In the ancient eastern art of Suminagashi, ink dances on water.

"The Suminagashi artists of Japan, they really started doing this in the 12th Century,” explained Wendy Marble, lead instructor at PAC. “They created ways to manipulate the ink on the surface."

But all the techniques begin with water in a shallow container mixed with seaweed extract.

“That helps hold the ink on the top of the surface,” said Marble.

Marble first came across this art form in Turkey—and yes, I see how marbling ink with an artist named Marble is super cool.

The first technique involves moving the ink across the water with our breath.

We pick our ink colors and touch the tip of a small paint brush into the ink and then touch the top of the water.

The ink spreads across the surface, and very little sinks to the bottom of the container.

We use a straw and blow from different spots across the water, and the red ink rolls outward and circles around the blue and yellow ink.

It’s trippy.

Photo: Virginia Johnson, staff

Then when we decide we are done, we get our rice paper ready.

We lay it on the water in one rolling movement, wait just a few seconds, and take it out.

"And the ink stays on the paper," said Marble, holding the dripping paper with a perfectly captured image.

It is, in essence, a monoprint

"It can’t be repeated--it’s unique," said Marble.

The next unique technique is dragging an implement through the water.

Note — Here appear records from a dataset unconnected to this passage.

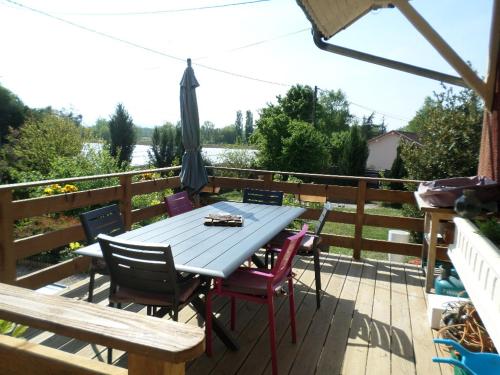a table and chairs on a deck with an umbrella at Maison patio et piscine in Feillens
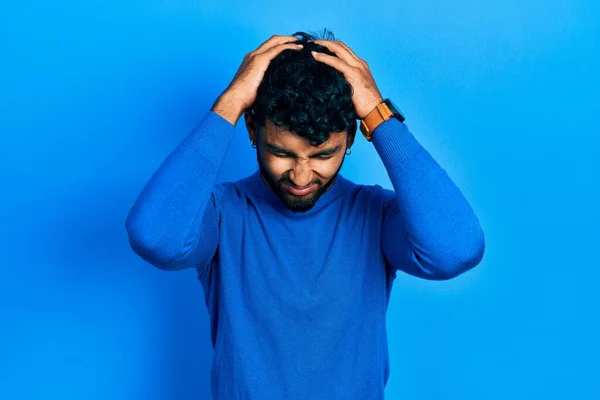Arab Man Beard Wearing Casual Blue Sweater Suffering Headache Desperate — Stock Fotó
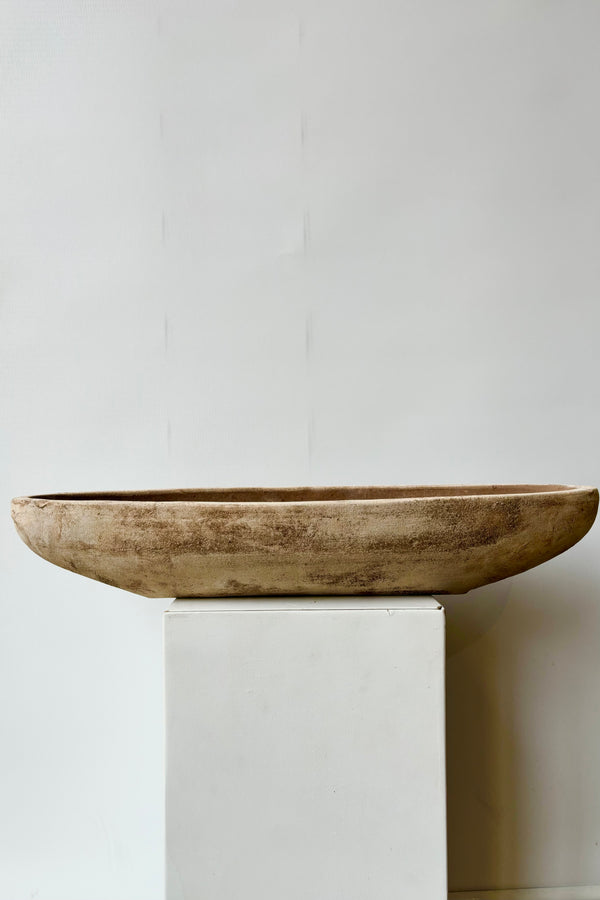Side view of large, unrefined, oval shaped low clay bowl with drainage hole against white background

We use a pick style comb, pulling it through green, yellow and red ink and the strokes are captured on the paper.

Photo: Virginia Johnson, staff

The final technique uses surfactants.

"For example, a drop of turpentine or a drop of soapy water on the surface makes the dye [go] poof!” said Marble, moving her hands outward, mimicking the movement, “it wants to run away from that."

We use black ink, dip a toothpick tip in soapy water and touch it to the middle of the ink drop.

It spreads in a “poof” as Marble demonstrated earlier.

To make rings, we put another black ink drop in the middle and repeat the toothpick trick.

We finish the rings with a red middle.

"Isn't that fun?” asked Marble. "And it’s fun because each one’s different and you can’t make a mistake- Love that part!"